» **Task**: Using the listing below, set down each line from the line containing "שיטפון גשם גשמים" through the line containing "1125 Longfellow Way", both ends included, exactly and with nothing added.

» **Data for review**:
• • • •

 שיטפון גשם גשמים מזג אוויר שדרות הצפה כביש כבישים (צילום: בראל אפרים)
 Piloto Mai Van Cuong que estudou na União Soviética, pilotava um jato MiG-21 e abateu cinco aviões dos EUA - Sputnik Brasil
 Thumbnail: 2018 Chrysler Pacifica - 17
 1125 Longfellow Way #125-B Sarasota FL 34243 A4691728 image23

• • • •

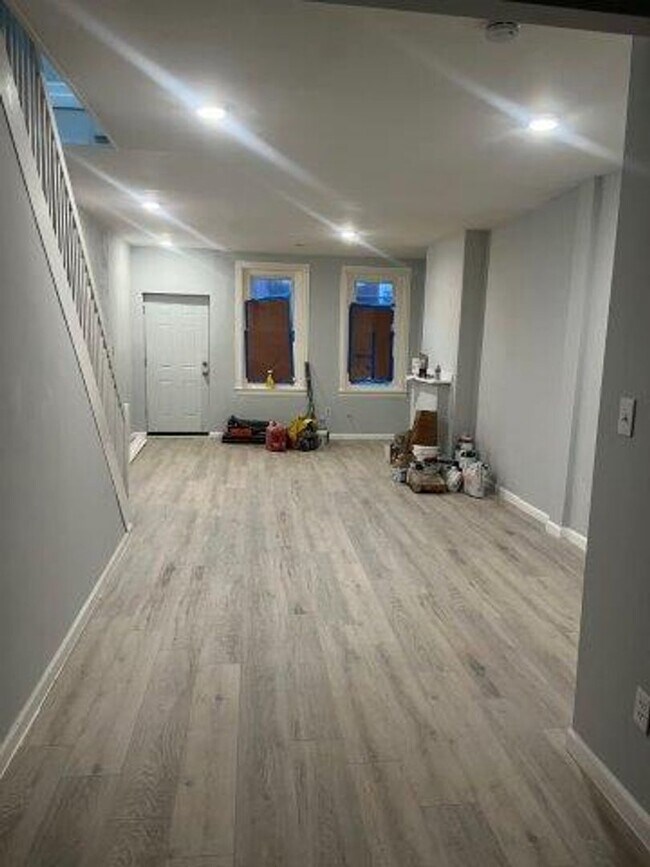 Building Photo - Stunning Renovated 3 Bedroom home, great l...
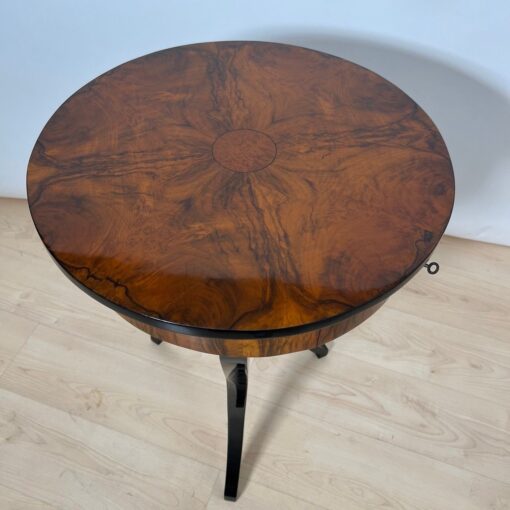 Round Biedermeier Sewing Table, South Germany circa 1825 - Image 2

• • • •

» **Expected output**:
 שיטפון גשם גשמים מזג אוויר שדרות הצפה כביש כבישים (צילום: בראל אפרים)
 Piloto Mai Van Cuong que estudou na União Soviética, pilotava um jato MiG-21 e abateu cinco aviões dos EUA - Sputnik Brasil
 Thumbnail: 2018 Chrysler Pacifica - 17
 1125 Longfellow Way #125-B Sarasota FL 34243 A4691728 image23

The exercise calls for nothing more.